Wednesday, July 14, 2010

Retraction?

I have been thinking over and over the last couple days to either delete the blog/'venting session' or write a retraction. I know it might have seemed over the top and quite emotional but in that very moment that is probably how I was feeling. Actually that was how I was feeling.

For the past five years I have been trying to skip the whole 'fakeness' and concentrate on being real and genuine. In our society it is encouraged to act like everything is perfect and 'okay' all the time. Who can really say that life is okay all the time. There are ups and downs---mountains and valleys. It takes the really low valleys to make you really appreciate the view on the mountains.

I sometimes feel like my blog is a glorified diary. Who lets the world read there diary though? I guess I better keep the emotional blogging to a minimum but at the same time I want to be able to be real with what I'm facing in my life. I'm looking forward to five years down the road reading all my old blogs and giggling to myself. I know that's something I always enjoy doing with my actual journals. It's just fun to see what was so important back then and how much you have grown etc. Maybe my pre-Brent journals were the best to read back on because page after page was about different boys and high school drama---ha ha ha.

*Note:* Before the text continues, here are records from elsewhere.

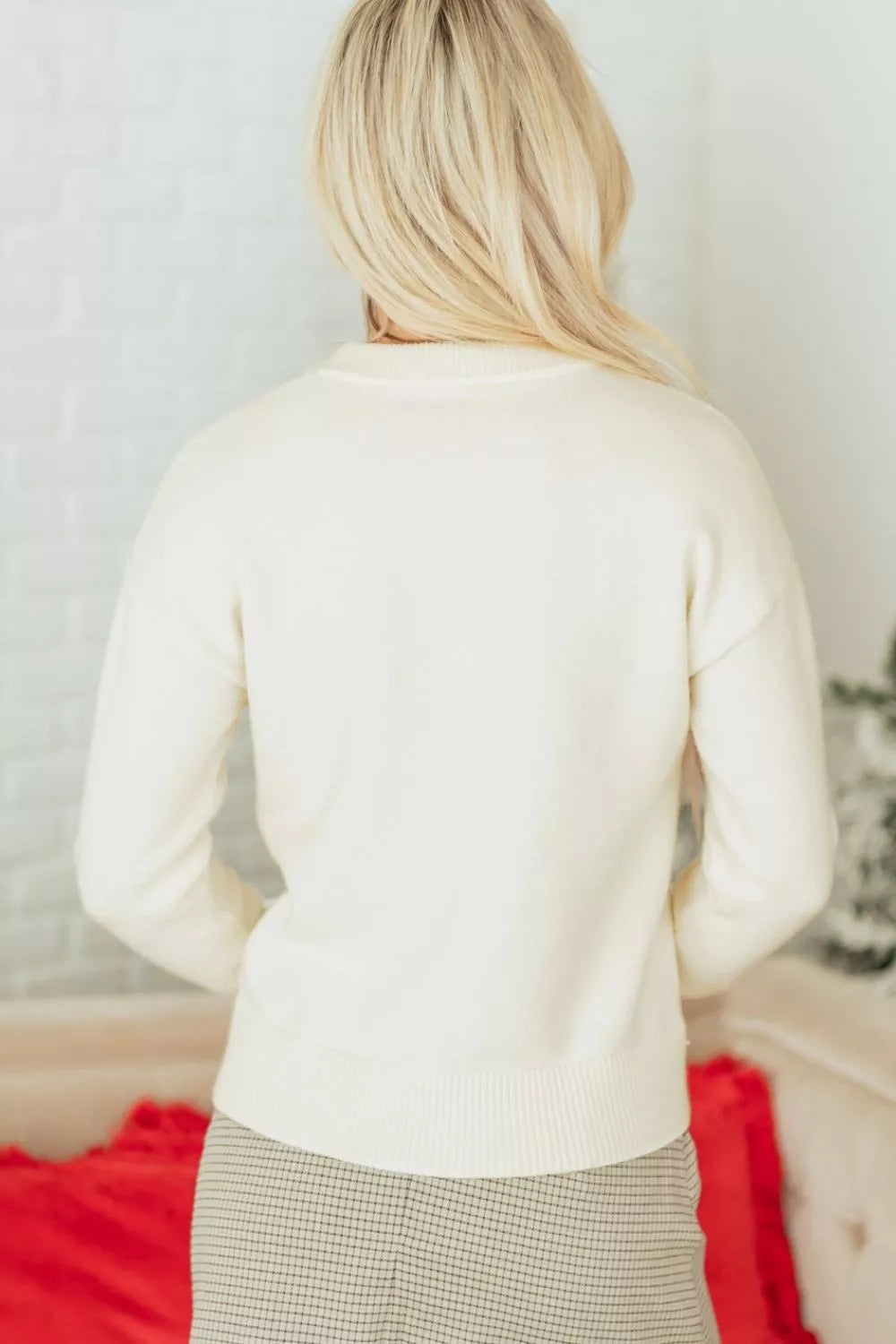 Sequin Bow Embellished Pullover Sweater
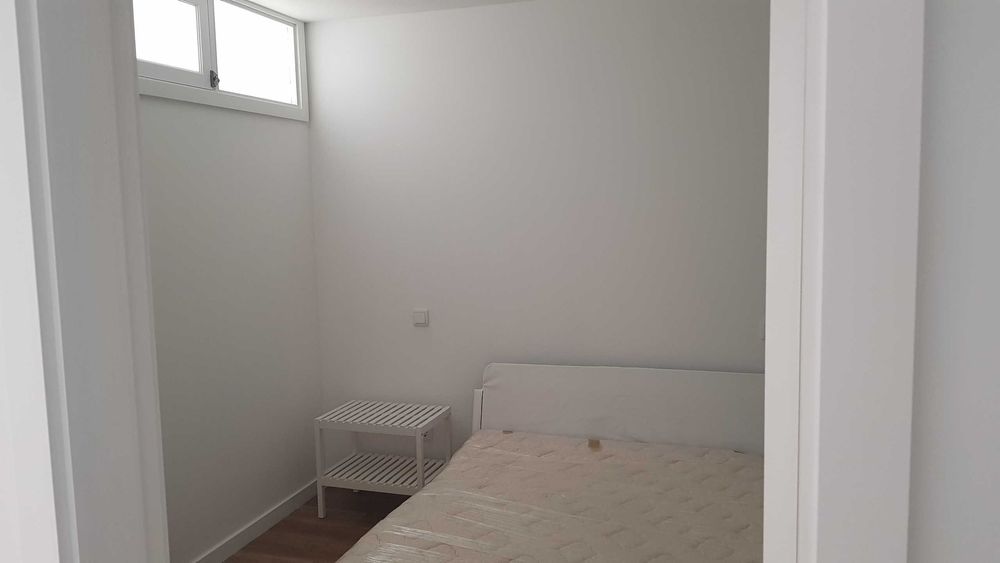 Aluga-se apartamento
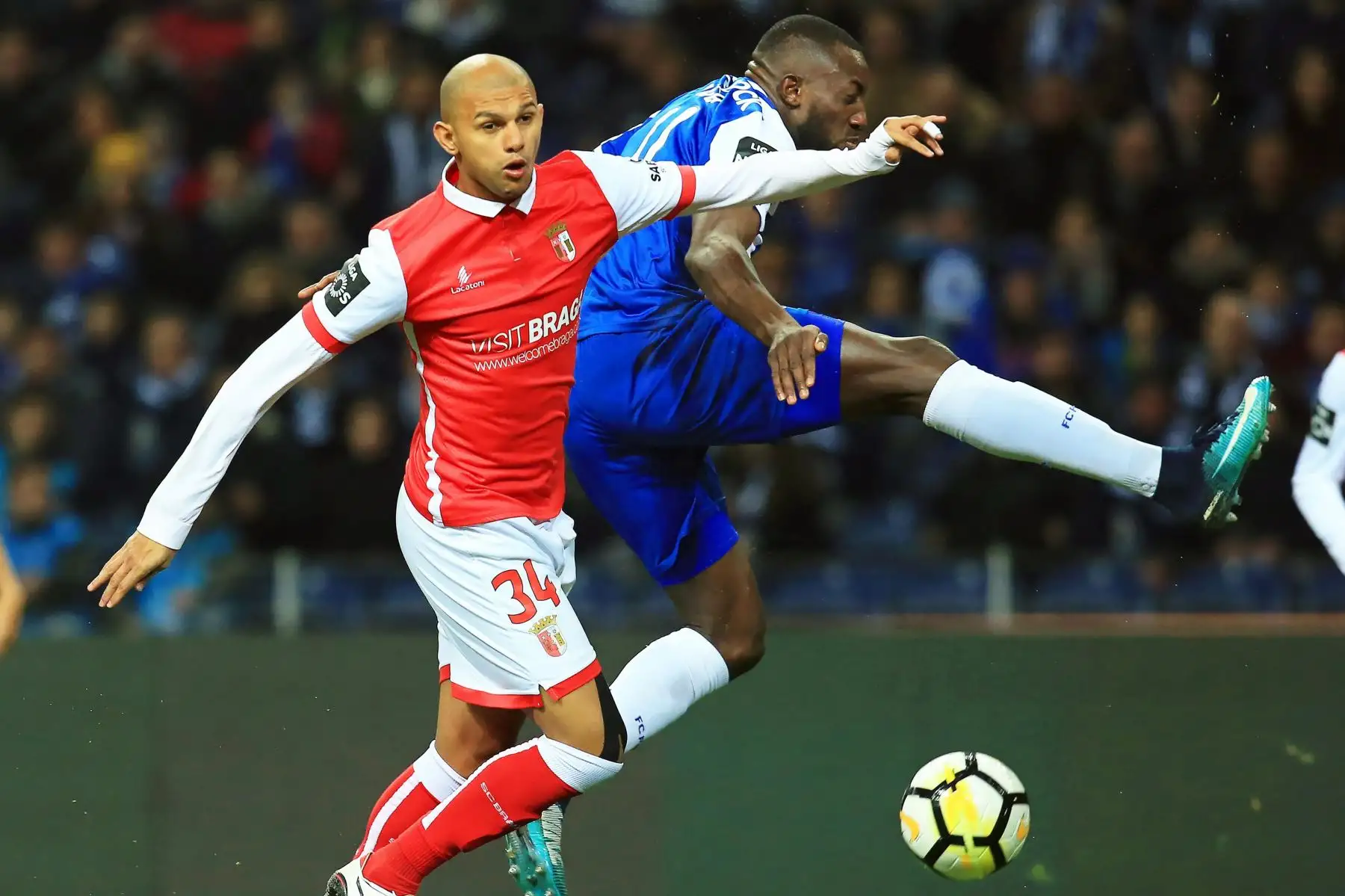 Partido de fútbol de la Liga Portuguesa entre el FC Porto y el Sporting Braga en el estadio Dragao - Oporto.Foto:EFE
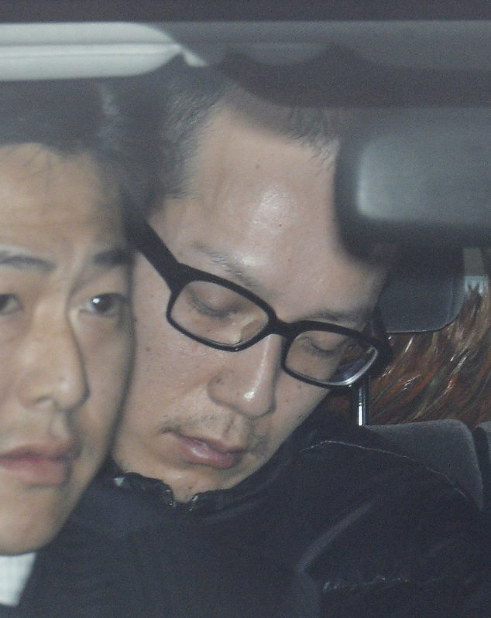 劇団員殺害:「手で首絞めた後、部屋のひも状のもので」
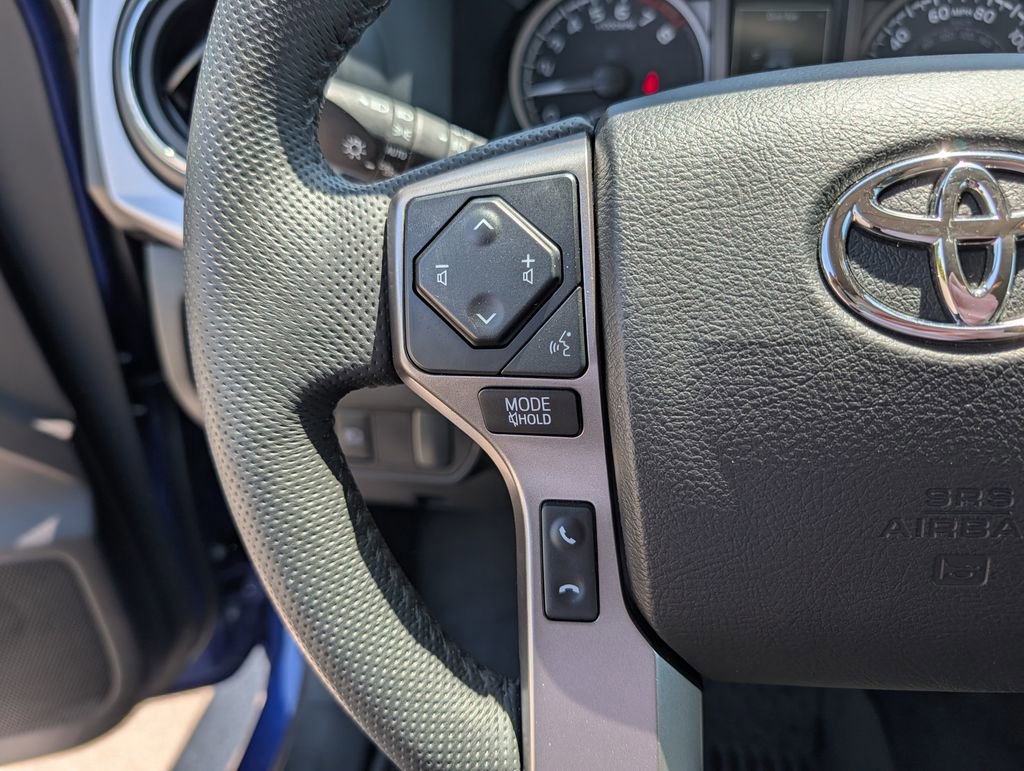 Used 2022 Toyota Tacoma SR5 AWD/4WD image 11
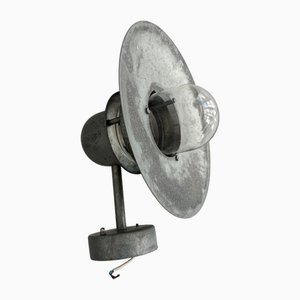 Lampada da parete da esterno Mid-Century in metallo di Louis Poulsen, Scandinavia, anni '50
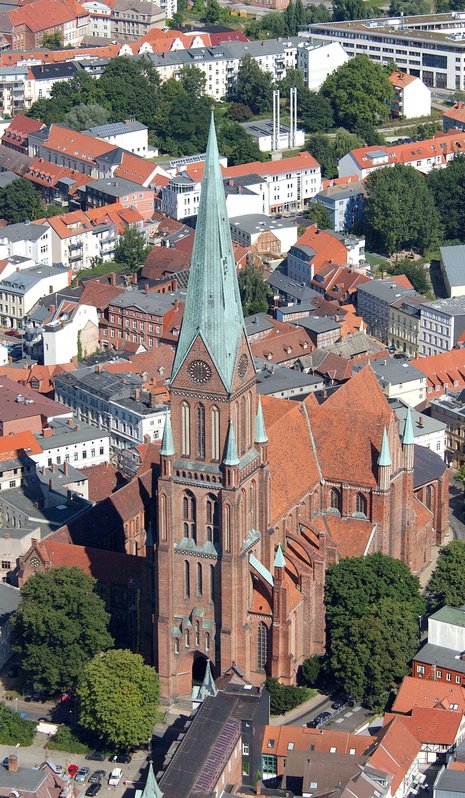 Der Dom am Schweriner Markt soll zum Geistlichen Zentrum der neuen Nordkirche werden.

I'm sorry for the drama my blog readers---I am Sheena and sometimes I am a little bit dramatic.

No retraction today-it might be embarrassing to look back and read but it was real and genuine and that is something I am not embarrassed about.

1 comment:

  1. Sheena, no need for retraction, or otherwise. You will look back and laugh, but that's good. We all need to remember where we've come from and where we are now. And we can't do that if we never live in the here and now and look back to reflect. Don't retract, just be you, lovely you!